Exercise.
Copy every record verbatim. Leave the pictures out.

Material to process.
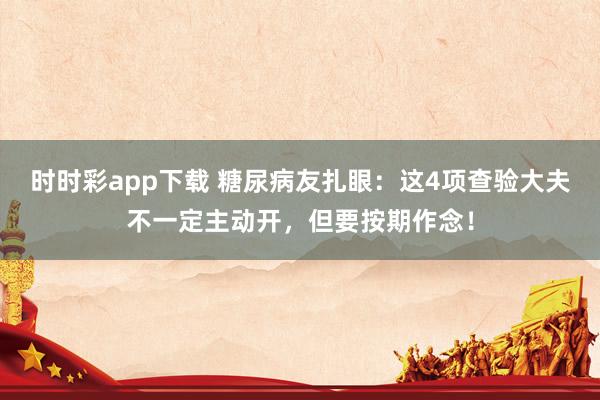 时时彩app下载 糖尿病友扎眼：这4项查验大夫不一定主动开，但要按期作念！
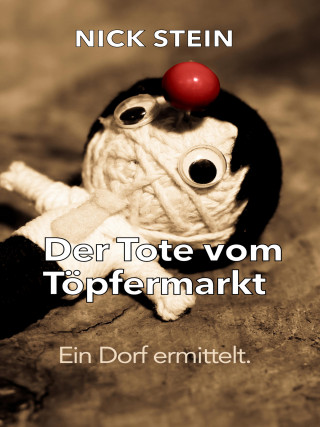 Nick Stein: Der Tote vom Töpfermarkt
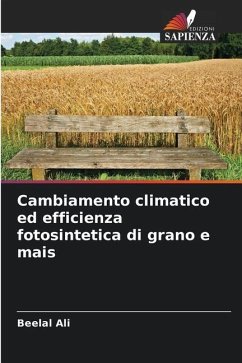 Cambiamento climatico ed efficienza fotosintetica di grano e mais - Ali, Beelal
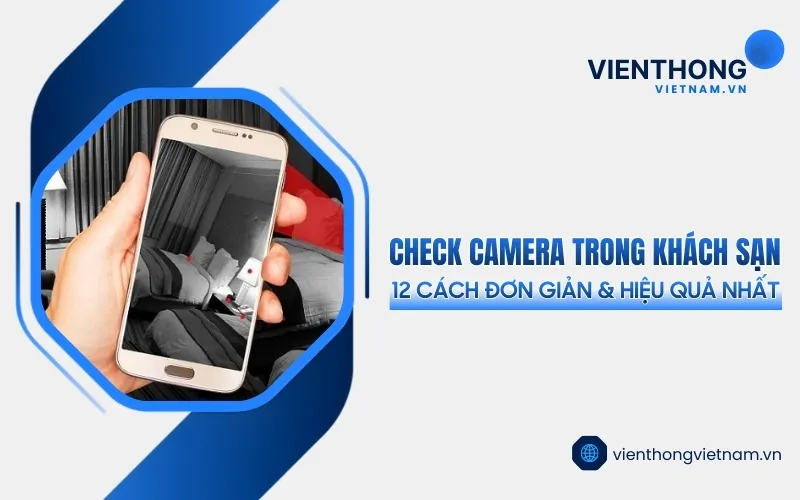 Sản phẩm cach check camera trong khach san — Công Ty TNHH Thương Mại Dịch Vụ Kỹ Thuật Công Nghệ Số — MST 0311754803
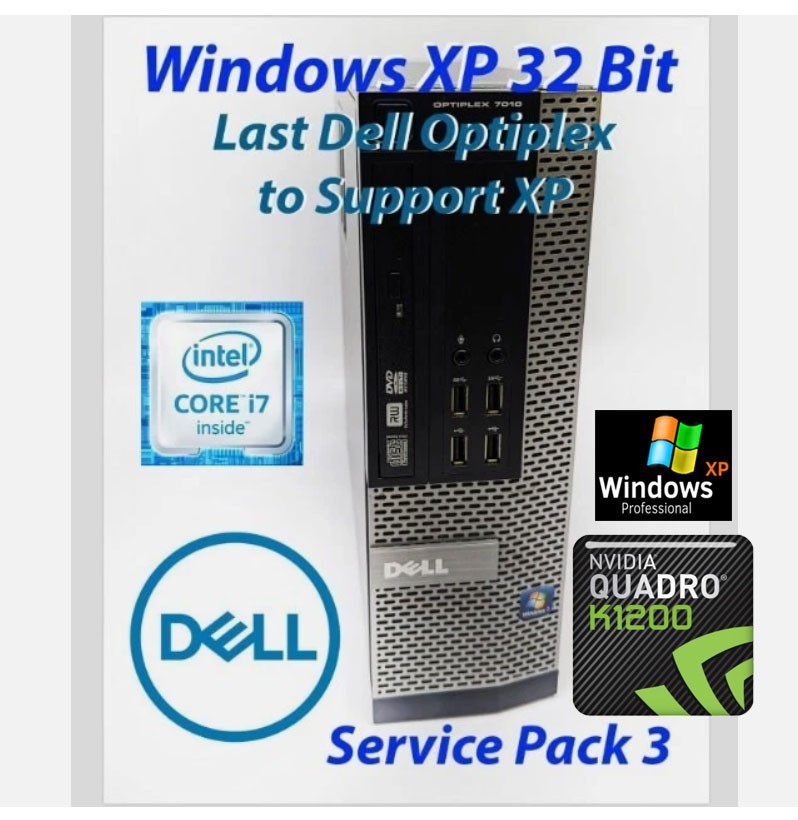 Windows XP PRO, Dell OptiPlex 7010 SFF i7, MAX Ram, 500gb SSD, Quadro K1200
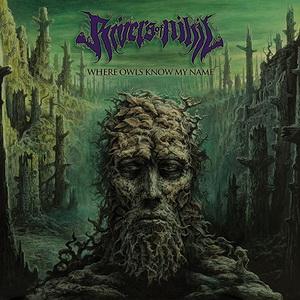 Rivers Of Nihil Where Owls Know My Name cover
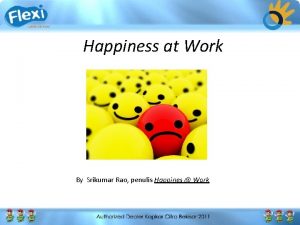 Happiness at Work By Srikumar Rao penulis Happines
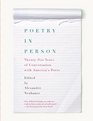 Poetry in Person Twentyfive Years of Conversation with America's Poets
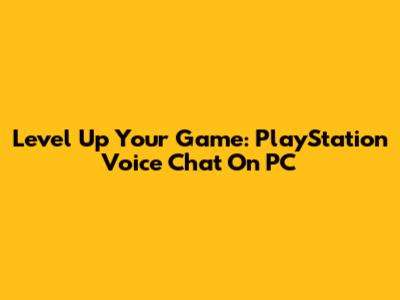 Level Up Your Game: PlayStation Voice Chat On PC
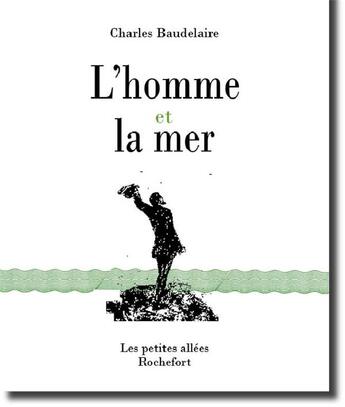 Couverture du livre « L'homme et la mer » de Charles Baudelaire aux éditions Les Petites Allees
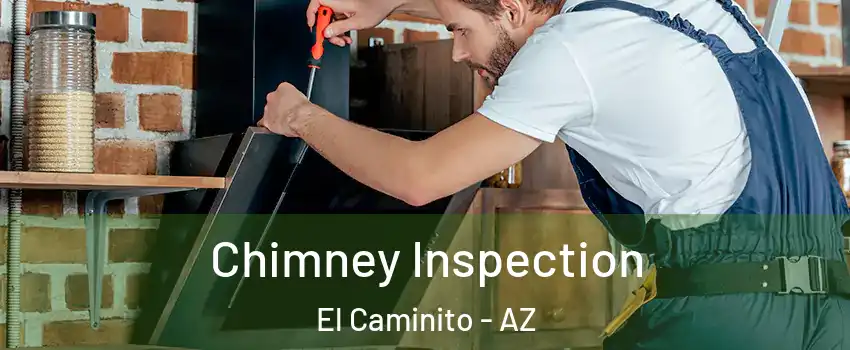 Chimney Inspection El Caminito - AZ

Answer section.
 时时彩app下载 糖尿病友扎眼：这4项查验大夫不一定主动开，但要按期作念！
 Nick Stein: Der Tote vom Töpfermarkt
 Cambiamento climatico ed efficienza fotosintetica di grano e mais - Ali, Beelal
 Sản phẩm cach check camera trong khach san — Công Ty TNHH Thương Mại Dịch Vụ Kỹ Thuật Công Nghệ Số — MST 0311754803
 Windows XP PRO, Dell OptiPlex 7010 SFF i7, MAX Ram, 500gb SSD, Quadro K1200
 Rivers Of Nihil Where Owls Know My Name cover
 Happiness at Work By Srikumar Rao penulis Happines
 Poetry in Person Twentyfive Years of Conversation with America's Poets
 Level Up Your Game: PlayStation Voice Chat On PC
 Couverture du livre « L'homme et la mer » de Charles Baudelaire aux éditions Les Petites Allees
 Chimney Inspection El Caminito - AZ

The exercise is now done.